▶ [Data for this exercise]
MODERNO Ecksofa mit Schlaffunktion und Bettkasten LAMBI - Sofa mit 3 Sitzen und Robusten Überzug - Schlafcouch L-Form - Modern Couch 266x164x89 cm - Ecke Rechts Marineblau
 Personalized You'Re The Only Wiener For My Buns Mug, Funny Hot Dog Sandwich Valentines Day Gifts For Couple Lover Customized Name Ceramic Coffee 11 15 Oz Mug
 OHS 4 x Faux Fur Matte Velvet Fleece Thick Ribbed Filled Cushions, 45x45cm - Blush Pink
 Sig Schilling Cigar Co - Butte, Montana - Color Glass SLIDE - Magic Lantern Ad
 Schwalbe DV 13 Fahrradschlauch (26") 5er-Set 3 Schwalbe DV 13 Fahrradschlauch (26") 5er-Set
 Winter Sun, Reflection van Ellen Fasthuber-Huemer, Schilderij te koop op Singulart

▶ [Work request] Return the full data above, line for line.

▶ [Written response]
MODERNO Ecksofa mit Schlaffunktion und Bettkasten LAMBI - Sofa mit 3 Sitzen und Robusten Überzug - Schlafcouch L-Form - Modern Couch 266x164x89 cm - Ecke Rechts Marineblau
 Personalized You'Re The Only Wiener For My Buns Mug, Funny Hot Dog Sandwich Valentines Day Gifts For Couple Lover Customized Name Ceramic Coffee 11 15 Oz Mug
 OHS 4 x Faux Fur Matte Velvet Fleece Thick Ribbed Filled Cushions, 45x45cm - Blush Pink
 Sig Schilling Cigar Co - Butte, Montana - Color Glass SLIDE - Magic Lantern Ad
 Schwalbe DV 13 Fahrradschlauch (26") 5er-Set 3 Schwalbe DV 13 Fahrradschlauch (26") 5er-Set
 Winter Sun, Reflection van Ellen Fasthuber-Huemer, Schilderij te koop op Singulart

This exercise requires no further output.